__Task details__: From the line with "goslings following mother goose on grass" to the line with "Hanna Andersson 5", output every line below exactly, both ends included. Skip the pictures.

__Records shown__:
§

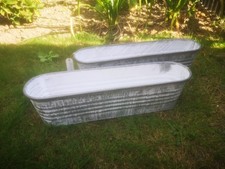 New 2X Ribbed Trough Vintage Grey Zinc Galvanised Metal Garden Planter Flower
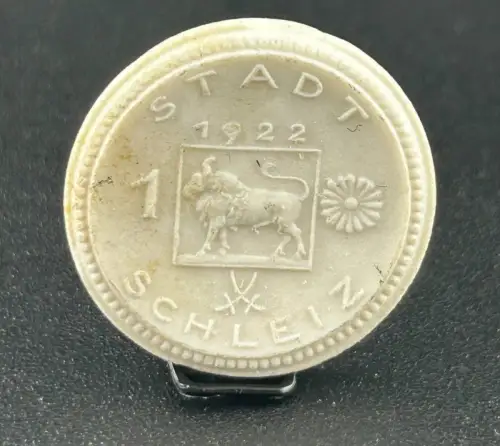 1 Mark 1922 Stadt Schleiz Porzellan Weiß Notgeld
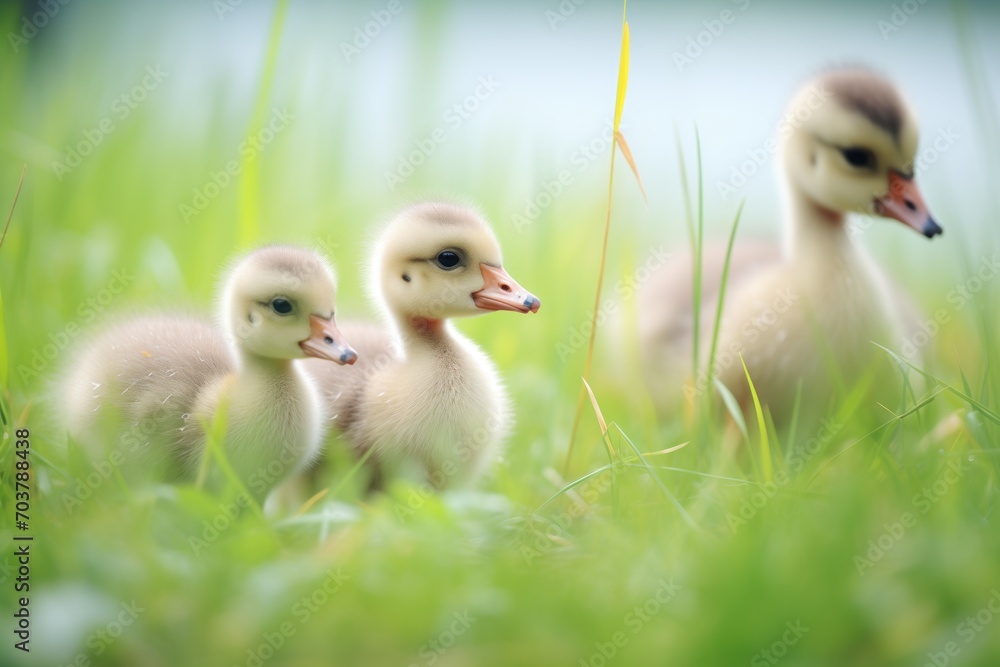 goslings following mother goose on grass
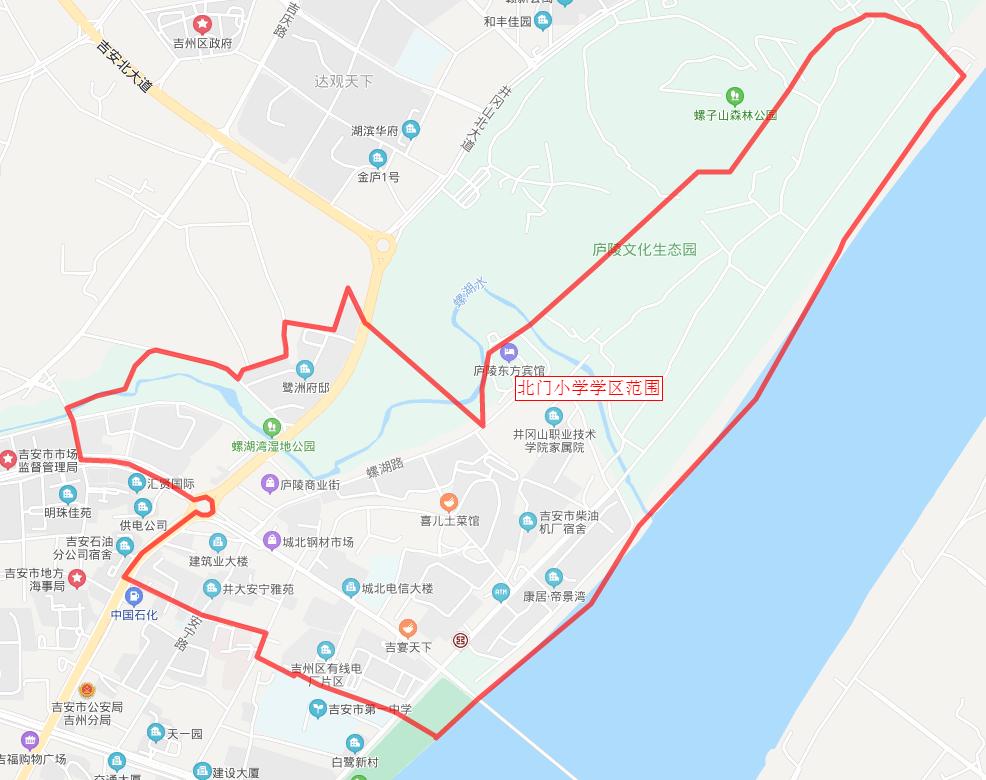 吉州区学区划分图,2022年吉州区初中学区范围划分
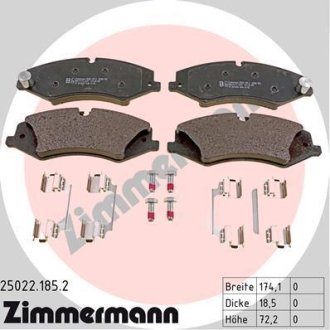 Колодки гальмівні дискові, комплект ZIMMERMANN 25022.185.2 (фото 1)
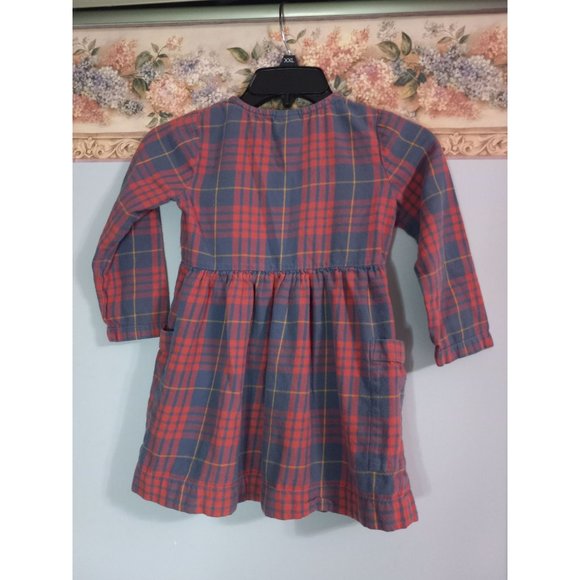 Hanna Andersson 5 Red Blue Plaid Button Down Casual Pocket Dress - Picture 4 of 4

§

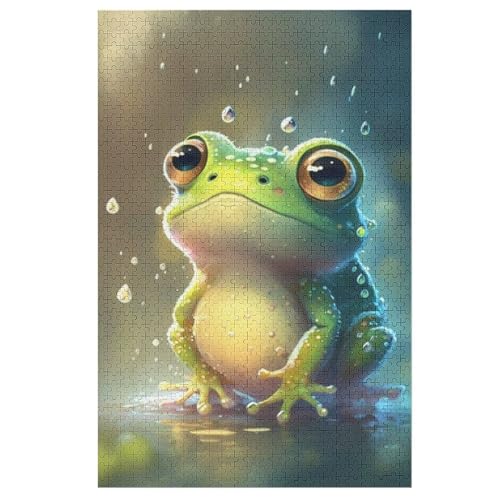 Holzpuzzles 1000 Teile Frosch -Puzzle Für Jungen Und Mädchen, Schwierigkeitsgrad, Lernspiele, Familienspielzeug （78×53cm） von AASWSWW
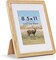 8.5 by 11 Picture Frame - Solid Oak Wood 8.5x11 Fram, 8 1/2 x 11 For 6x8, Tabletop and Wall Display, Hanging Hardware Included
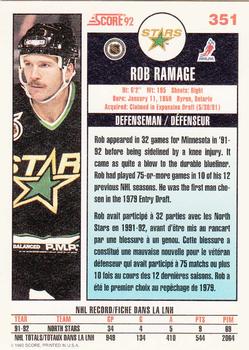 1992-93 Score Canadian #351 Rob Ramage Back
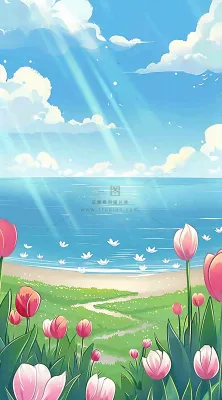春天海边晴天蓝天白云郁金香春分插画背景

§

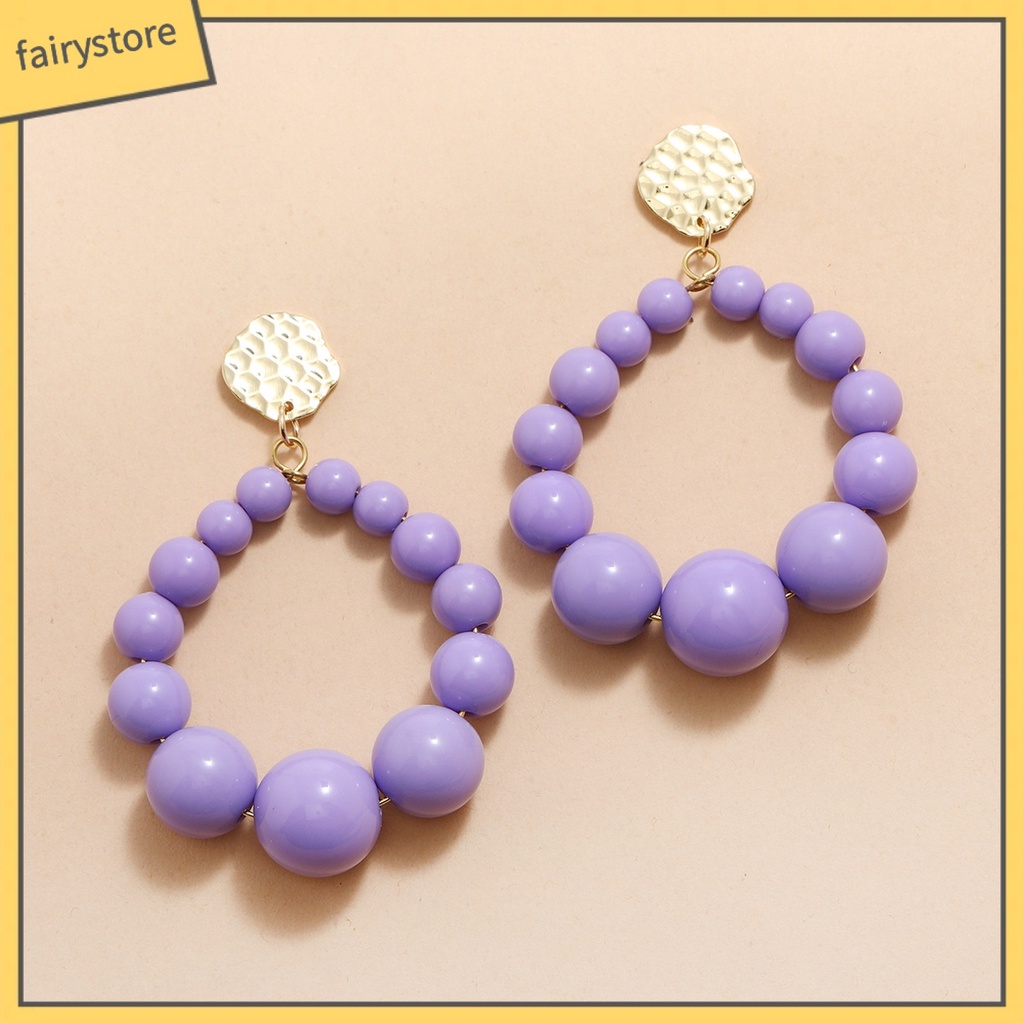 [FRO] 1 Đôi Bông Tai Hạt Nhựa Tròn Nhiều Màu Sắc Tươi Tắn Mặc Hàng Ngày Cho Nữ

§

__Finished task__:
 goslings following mother goose on grass
 吉州区学区划分图,2022年吉州区初中学区范围划分
 Колодки гальмівні дискові, комплект ZIMMERMANN 25022.185.2 (фото 1)
 Hanna Andersson 5 Red Blue Plaid Button Down Casual Pocket Dress - Picture 4 of 4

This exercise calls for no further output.